It does not matter how much Canadians have in investments, GIC’s and net worth deposited, invested. This is irrelevant.

It is the fact that CDIC, CIPF and other provincial deposit coverage, insurance, protection are protecting much less than meets the eye. Purchasing power today in 2016 is much less 11 and 17 years later.

This is what really matters and most Canadians have no clue about. No matter they are mostly all in debt.

#99 Smoking Man on 09.17.16 at 9:45 am

The new catch phrase everyone on Twitter is proudly putting before their name. Deplorable.

Lets try it. Deplorable Smoking Man. Huh. Yeah.
Deplorable Freedom First. Yeah that works too.
Deplorable James. Nope doesn’t have the same feel.

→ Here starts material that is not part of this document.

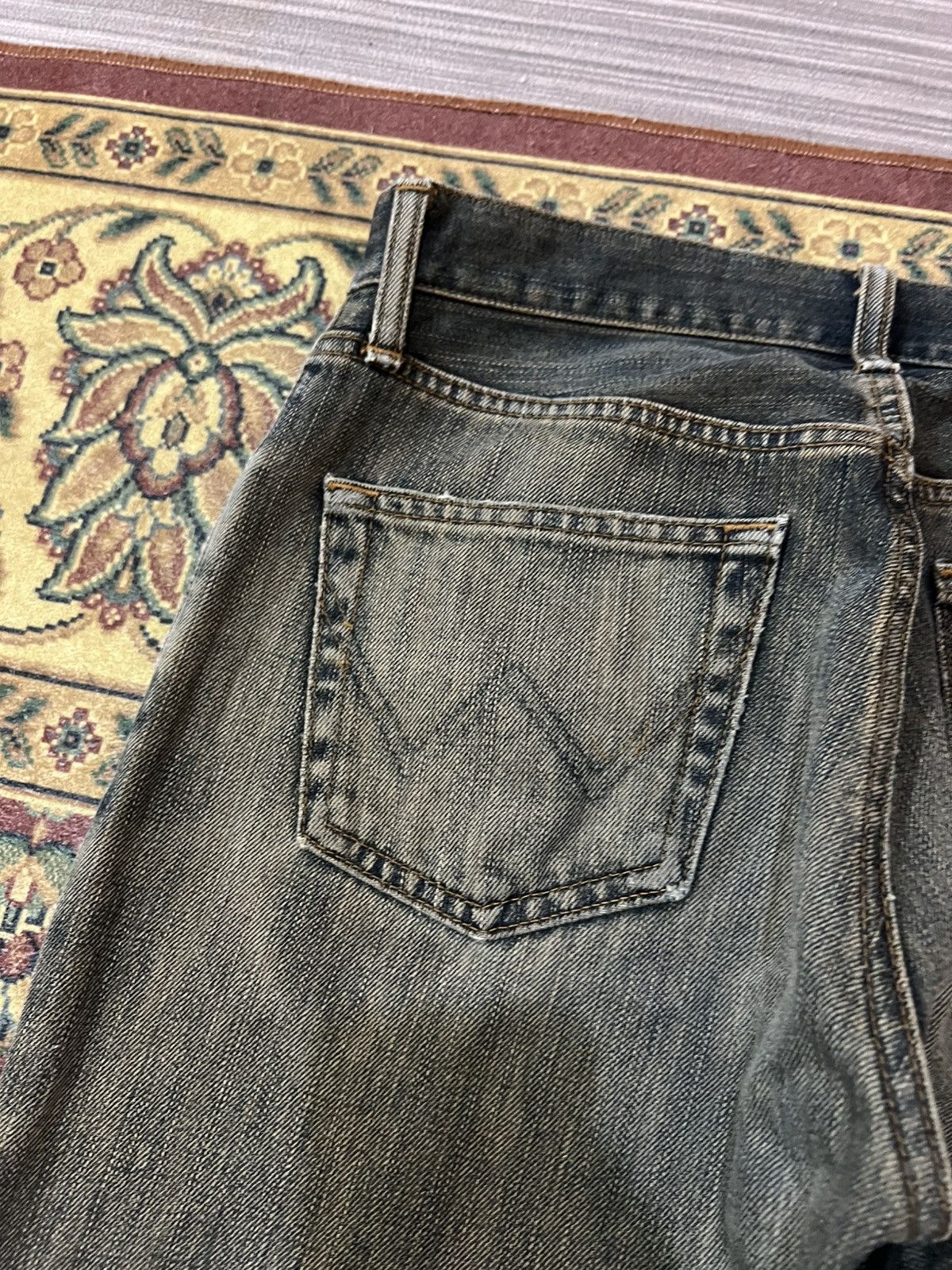 Edwin Vintage Edwin Distressed Jean Size US 28 / EU 44 - 10 Thumbnail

Things are moving fast down south. Get ready to rebalance those portfolios. Trump in a land slide.

Dr. Deplorable Smoking Mam
PhD Herdonomics.
Ordained Dudest Preast.

#100 Brian on 09.17.16 at 10:02 am

Mr. Turner

Is there any difference in CDIC / CIPF coverage in respect to TFSA deposits?

I presume that TFSA GIC’s are limited to $100K under CDIC while TFSA Equities and bonds are insured to $1m under CDIF.

Do I understand correctly?

Thanks

TFSAs have CIPF protection only if hosted by a member institution (brokerage company). — Garth

#101 Keith in Calgary on 09.17.16 at 10:16 am

It is all a part of the long term “war on cash”.

Governments know that they must find subtle ways to discriminate against it, so not increasing the CDIC limit is a start, along with NIRP, FINTRAC policies, safe deposit box regulations, and individual bank policies making it onerous to withdraw same.

No surprise there.

Now having said that, anyone with more than 6 figures in cash is either a believer in the markets (I am not) or has there money out of the country, spread around in different jurisdictions in varying buckets of hard to trace assets.

#102 TurnerNation on 09.17.16 at 10:38 am

A nightmare scenario could be Costco offering GICs and mortgages to its zombified aisle shufflers.
Don’t laugh Canadian Tire has a bank.

#103 Bank of Millenial on 09.17.16 at 10:43 am

#88 Nick-

The writing is on the wall Nick, there will be an asset liquidation leading to a deleveraging. Some woefully unprepared will live in a relative squalor but there are nets in place to catch these folks.

Never forget that the people aged 50, need to create income and returns into the latter part of 2040, and that any inflation along the way will weaken whatever present dollars they do have saved, or consider “saved” in their house equity.

Pooched.

#104 dogman01 on 09.17.16 at 11:05 am

50 Freedom First on 09.16.16 at 9:19 pm

Why CPD over ZPR; I have both but does one have an advantage or flaw?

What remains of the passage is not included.